-- PROVIDED DATA follows --

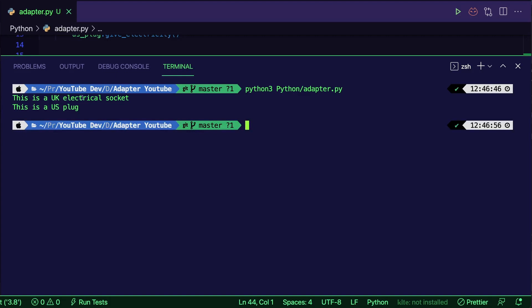As you can see, it is quite simple to use. I hope this real-life example helps you understand better how exactly to implement the adapter pattern, and more importantly, when to implement the adapter pattern.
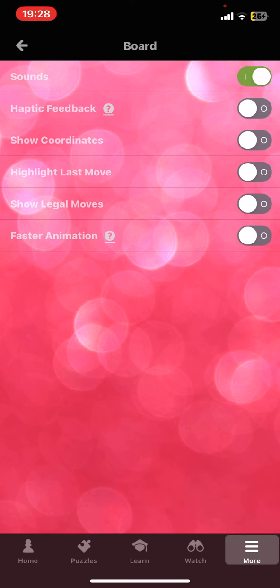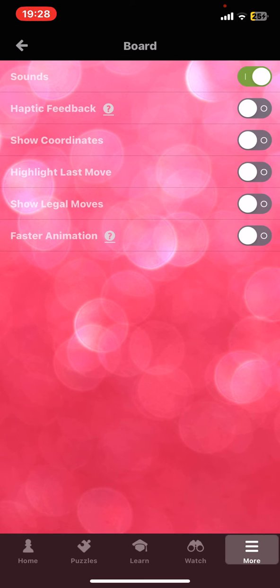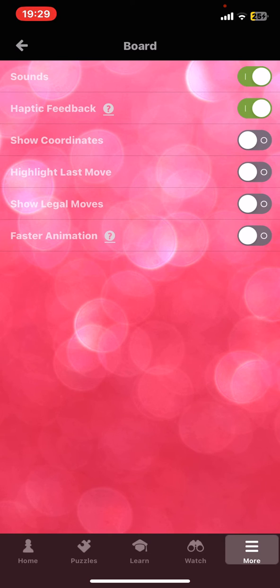Then look for the haptic feedback section. In order to enable it, just click on the white circle next to it, and once it turns green,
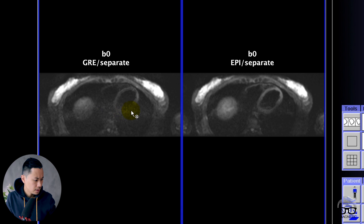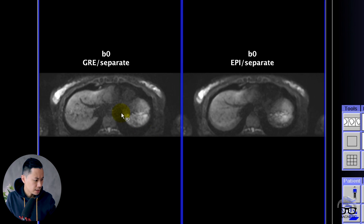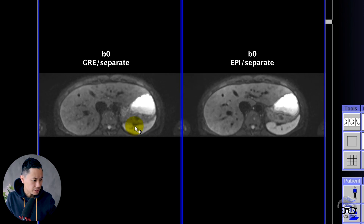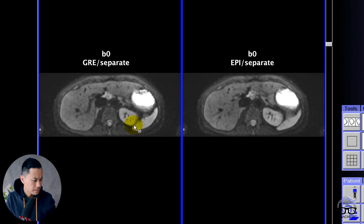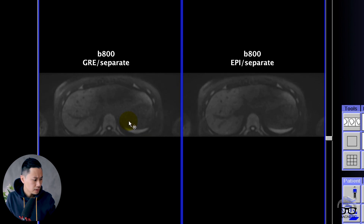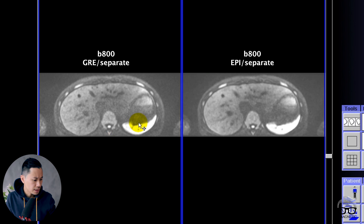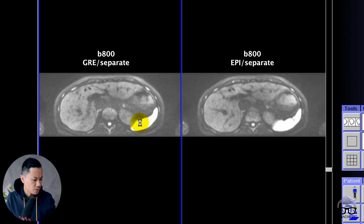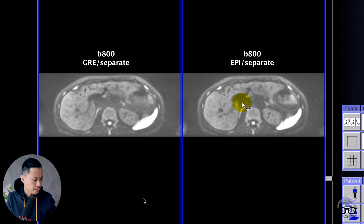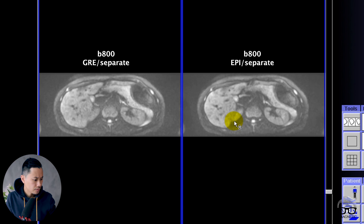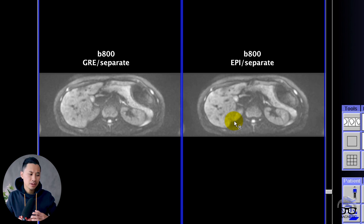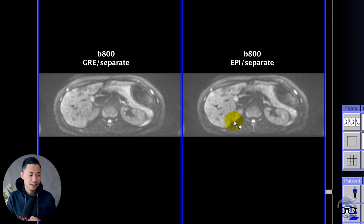Let's scroll through here — you can see the differences. This is B0, and let's go to B800. You can also see here much more noise on the gradient side. I feel like whenever you're using the EPI mode, you can push the limit a little bit further without seeing the artifact.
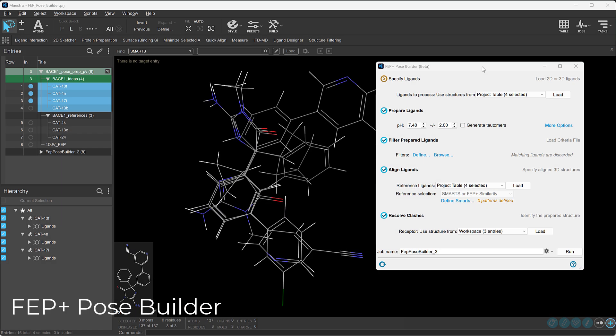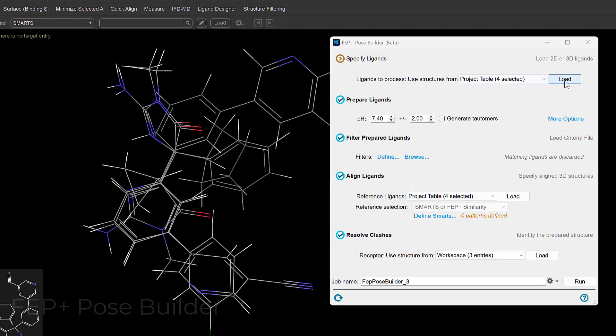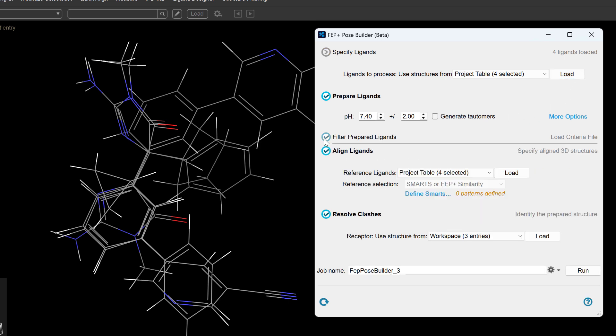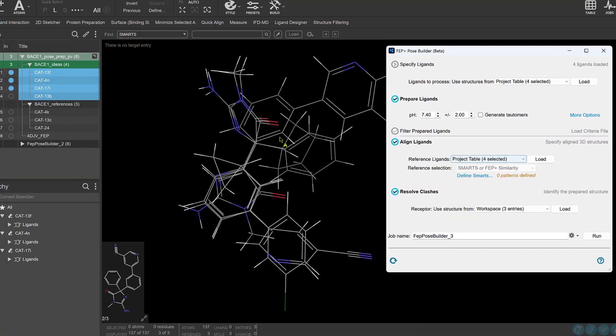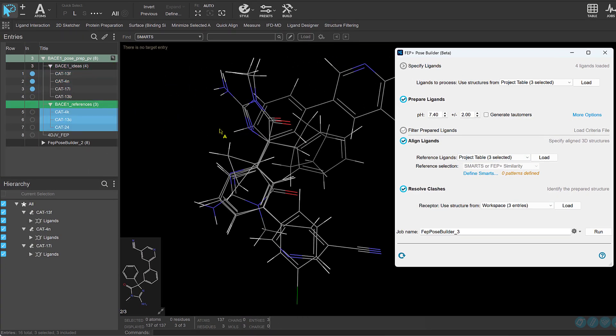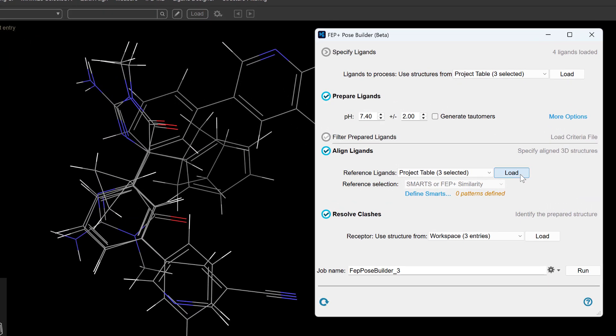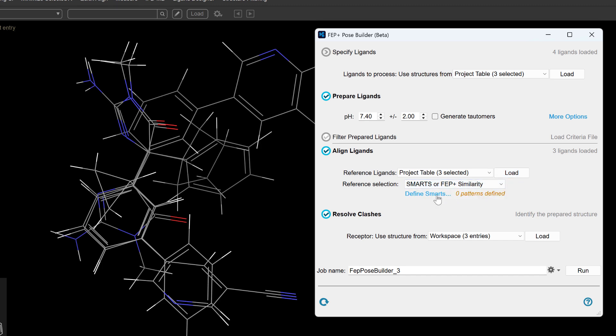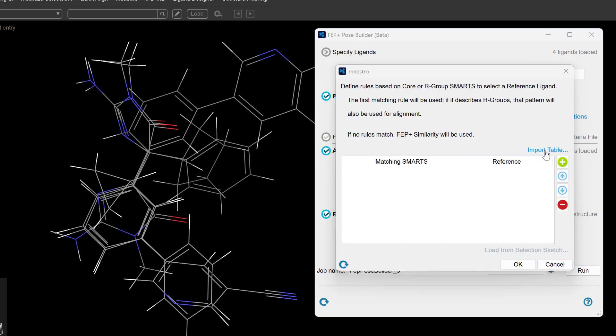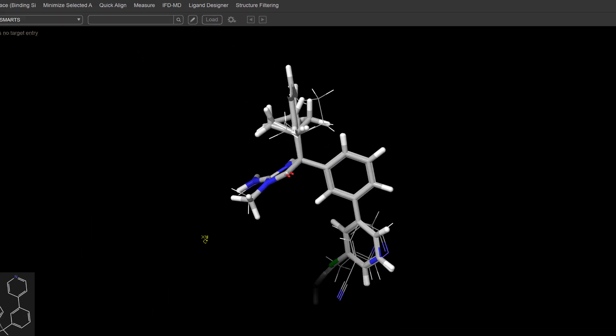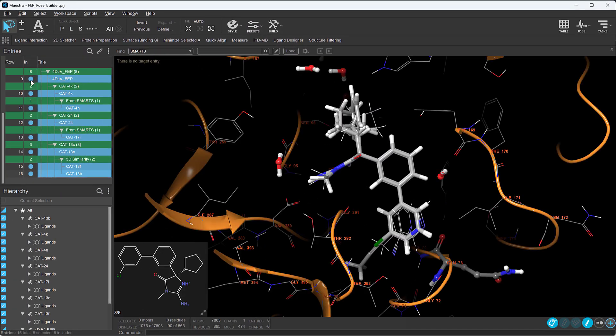Moving to FEP+, we're introducing the Pose Builder Workflow, currently in open beta, to automate the creation of high-quality ligand alignments. You can prepare reliable FEP-ready poses more quickly with its unbiased selection process and robust atom mapping, enabling efficient large-scale studies.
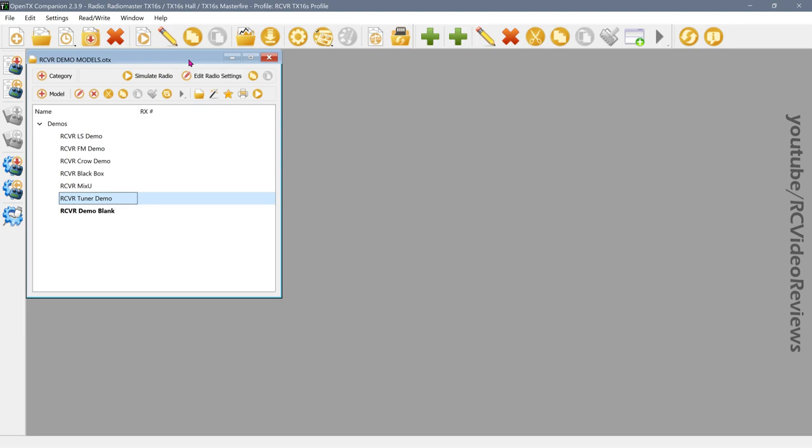There are two primary things we're going to focus on in this configuration. The first one is instant trim. And then the second thing we're going to talk about is how to use global variables, special functions, and logical switches to adjust your expo and your weights and have the radio tell you what's going on as you fly.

-- PROVIDED DATA concluded --

**ASSIGNMENT:** Pictures are to be left out; the listing above is otherwise to be copied exactly.

**ANSWER FOR THIS EXERCISE:**
As you can see, it is quite simple to use. I hope this real-life example helps you understand better how exactly to implement the adapter pattern, and more importantly, when to implement the adapter pattern.
Then look for the haptic feedback section. In order to enable it, just click on the white circle next to it, and once it turns green,
Let's scroll through here — you can see the differences. This is B0, and let's go to B800. You can also see here much more noise on the gradient side. I feel like whenever you're using the EPI mode, you can push the limit a little bit further without seeing the artifact.
Moving to FEP+, we're introducing the Pose Builder Workflow, currently in open beta, to automate the creation of high-quality ligand alignments. You can prepare reliable FEP-ready poses more quickly with its unbiased selection process and robust atom mapping, enabling efficient large-scale studies.
There are two primary things we're going to focus on in this configuration. The first one is instant trim. And then the second thing we're going to talk about is how to use global variables, special functions, and logical switches to adjust your expo and your weights and have the radio tell you what's going on as you fly.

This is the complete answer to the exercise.